Now, let's imagine a discovery made in late XIVth century, instead of late XVth, I could see Atlantic navies crossing earlier than IOTL the Ocean for ponctual contacts.

Basically a slower approach of the continent (which would have the effect to make Europeans considering post-Cahokia North America more clearly) more based on trade and semi-permanent settlements than blunt expeditions.

Mesoamerica would much more look as a gathering of city-states than IOTL, which may favour commercial penetration (while being interestingly more resistant to a conquistador-led expedition would it be trough stronger local solidarities). I don't think it would butterfly Mexica's expansion, but it could impact its growth, trough trade and exchanges of technics with Mesoamericans (especially metallurgy).

Gold trade (if Mesoamericans are ready to do it) may divert much of the first efforts on Africa (that had a lot to do with Sudanese metal) except for establishing trade points to America (meaning Portugal and Spain are going to favour a Guinea/Venezuela/Caribbean road) and eventually lead to a less important european take on Indias (which itself mean a still strong Mameluk Egypt, and states as Venice clearly less hampered by decline of Red Sea/Mediterranean trade : at the contrary of previous posters, I don't think that Mediterranean trade is going to suffer directly from an American trade.

You'd certainly end with a epidemic shock in Americas, but Europeans would be technically less able to abuse it, even if they could use it to reinforce trade and religious presence
 
What if, as in Empty America, a lot of the people who go to the New World aren't states, but states-in-exiles? Anglo-Saxons fleeing the Normans. Madoc and the Welsh. Cathars. Pagan Lithuanians. Yorkists. And some non-EA suggestions: Mudéjars. Sephardic Jews.
 
Massive migrations of non-nomadic peoples were really rare during Middle-Ages. The only exemple I could think of would be Arabs, and that was at the point of the sword.

Without carrying too much on each exemple you gave (only that a lot simply wouldn't have access to needed technology), most of these groups weren't ethnic groups but sub-groups from larger cultural and/or regional ones (the cultural and social difference between Cathars and others being...slim).

Scattered and defeated groups, managing somehow to get their hand on transoceanic ships out of nowhere, while their foes are surprisingly passive during all the process...I'm sorry, but that's seem quite random.
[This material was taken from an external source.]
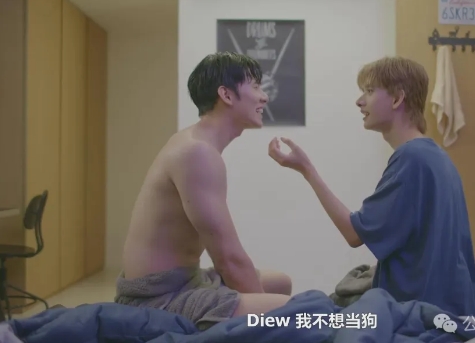 《他闯进我的世界》喜欢安静的隔壁搬来了一个又痞又帅的男孩-51虹马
Critically when the few groups that actually formed ethnic ensembles on their own (Jews and Mudejars) migrated on place they knew being more or less hospitable and where they could continue their "way of life" (up to social activities).
Jumping in the big nowhere (or at best, beggining again from really low conditions) is definitely something scarying (actually, it's why some Huguenots preferred to convert rather than being sent to Americas, after the Edict of Fontaineblau)
 
Well for starters the Vinland category is the most popular and in most opinions the most fascinating, Imagine if the small camp Leif had founded was in southern Markland (Labrador/Quebec). Or maybe after exploring due to a storm knocking his ship east finds the Grand Banks and the vast Iron ore in the area? Both of those combined with the better land and exploitation of timber might be able to motivate a colony.
If for example during the 1100's a Greenlander who in his youth had traveled to Normandy and had observed the many Motte and Baily forts, could have then seen the resources of vinland and replicated them, they would have been relatively cheap compared to other fortifications people at the time had been using and would have been very effective at keeping out Skraeling attacks.
I also always wondered how interesting it would be to see Vinlanders interacting with the Mississippian cultures around the great lakes, most Vinland TL's have it where the great lakes are barely explored but there is evidence in OTL that they would have traveled to Lake Huron, you could even say Lake Superior if you want to believe in the kennsington stone.
 
Lots of interesting possibilities on what nations could have a freehold in the New World. If earlier explorers and immigrants had come and prospered, with a later cut of from Europe for Plague or Wars, how might later explorers handle the new/lost people?